This was a part of a much larger severe weather outbreak in Missouri, Illinois, Indiana, Ohio & Kentucky with large hail, wind & tornadoes.  By today’s standards, this would have been a high-risk day for the Midwest.

The hailstones measured that day in Lafayette were the largest on record I have uncovered for the city, with records back to 1833.

June 30, 1877

Largest hailstones & most destructive hailstorm on record for the Lafayette area occurred in the late afternoon hours.

“Extraordinary hailstorm” lasting “5 minutes” pounds far eastside of present-day West Lafayette to Lafayette on this date with stones of ping-pong to softball-size.
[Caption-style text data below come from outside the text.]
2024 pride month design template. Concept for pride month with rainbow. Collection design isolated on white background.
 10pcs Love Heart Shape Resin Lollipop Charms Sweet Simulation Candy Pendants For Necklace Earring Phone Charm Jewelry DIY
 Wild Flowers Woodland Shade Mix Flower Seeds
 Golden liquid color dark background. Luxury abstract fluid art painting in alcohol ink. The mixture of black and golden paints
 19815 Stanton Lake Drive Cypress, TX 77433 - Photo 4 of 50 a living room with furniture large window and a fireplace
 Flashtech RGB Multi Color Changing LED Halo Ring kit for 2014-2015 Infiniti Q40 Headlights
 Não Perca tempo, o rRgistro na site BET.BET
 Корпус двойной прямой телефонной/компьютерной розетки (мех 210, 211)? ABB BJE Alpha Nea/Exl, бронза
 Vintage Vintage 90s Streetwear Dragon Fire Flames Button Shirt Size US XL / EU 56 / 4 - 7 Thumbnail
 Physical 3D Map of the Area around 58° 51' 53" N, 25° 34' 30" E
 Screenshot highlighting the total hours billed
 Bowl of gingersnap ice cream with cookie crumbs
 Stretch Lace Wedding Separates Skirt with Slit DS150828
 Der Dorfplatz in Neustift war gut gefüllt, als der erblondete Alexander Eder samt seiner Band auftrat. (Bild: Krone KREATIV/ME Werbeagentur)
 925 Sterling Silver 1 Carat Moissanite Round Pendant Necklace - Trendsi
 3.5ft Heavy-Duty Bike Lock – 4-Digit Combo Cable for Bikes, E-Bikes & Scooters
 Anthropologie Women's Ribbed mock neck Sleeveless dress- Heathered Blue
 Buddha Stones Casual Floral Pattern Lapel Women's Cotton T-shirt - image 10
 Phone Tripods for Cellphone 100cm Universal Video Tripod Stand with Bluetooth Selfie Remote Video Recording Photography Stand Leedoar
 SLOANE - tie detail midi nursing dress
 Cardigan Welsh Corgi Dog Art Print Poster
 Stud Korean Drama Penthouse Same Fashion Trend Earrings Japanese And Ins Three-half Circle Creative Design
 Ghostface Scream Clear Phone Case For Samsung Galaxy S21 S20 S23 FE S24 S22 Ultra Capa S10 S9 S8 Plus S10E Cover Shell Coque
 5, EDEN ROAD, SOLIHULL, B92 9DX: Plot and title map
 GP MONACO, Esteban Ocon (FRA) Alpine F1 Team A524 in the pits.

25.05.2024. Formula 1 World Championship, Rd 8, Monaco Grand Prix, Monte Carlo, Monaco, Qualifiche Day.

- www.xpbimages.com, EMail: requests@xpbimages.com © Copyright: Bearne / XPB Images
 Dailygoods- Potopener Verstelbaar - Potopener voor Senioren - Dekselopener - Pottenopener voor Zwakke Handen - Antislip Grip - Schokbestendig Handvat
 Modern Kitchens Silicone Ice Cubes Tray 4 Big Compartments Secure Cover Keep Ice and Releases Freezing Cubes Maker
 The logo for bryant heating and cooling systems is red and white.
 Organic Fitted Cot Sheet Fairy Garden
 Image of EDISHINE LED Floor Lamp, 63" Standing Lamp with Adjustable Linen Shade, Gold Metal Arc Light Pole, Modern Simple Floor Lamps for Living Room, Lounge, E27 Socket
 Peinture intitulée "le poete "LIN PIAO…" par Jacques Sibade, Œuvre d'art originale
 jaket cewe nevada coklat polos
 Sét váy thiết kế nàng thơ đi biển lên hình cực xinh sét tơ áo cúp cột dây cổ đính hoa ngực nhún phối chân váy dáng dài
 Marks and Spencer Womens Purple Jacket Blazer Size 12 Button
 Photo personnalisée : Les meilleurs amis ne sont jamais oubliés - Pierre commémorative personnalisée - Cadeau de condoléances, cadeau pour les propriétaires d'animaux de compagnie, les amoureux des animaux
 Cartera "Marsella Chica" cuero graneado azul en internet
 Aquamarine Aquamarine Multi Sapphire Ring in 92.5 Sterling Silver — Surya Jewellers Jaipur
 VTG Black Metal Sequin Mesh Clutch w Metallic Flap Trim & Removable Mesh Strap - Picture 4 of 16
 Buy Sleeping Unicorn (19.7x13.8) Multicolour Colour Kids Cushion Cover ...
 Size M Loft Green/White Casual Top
Though “the average size of the stones was between a hen’s & goose’s egg” (2-3” diameter). Damage was immense to trees, crops, gardens & structures. Some of the stones reportedly weighed one pound.

Of the stones picked up, examined by residents & measured, the following measurements were made:

St. Nicholas: 1.5” diameter = 6” circumference = weighed 3 oz.

Taylor’s Lumberyard: 2.25” diameter = 9” circumference = weighed 5 oz.

Picked up directly off main street: 4” wide & 5” long.

Some stones were “as large has half brick” in parts of the city.

All skylights in the city were busted & all greenhouses had their glass panes shattered. Almost every south & west side of every building had their window panes shattered. Southwest of the city on the Wea, goose egg hail was reported (3” diameter), but the hail at Stockwell was reportedly much smaller. The intense storm did not extend to much beyond the east side of the city limits at that time, however.

“Violent t’storms” occurred across eastern Missouri, Illinois, Indiana & Ohio with tornado east of St. Louis & one particularly devastating tornado in southeast Illinois & southwest Indiana.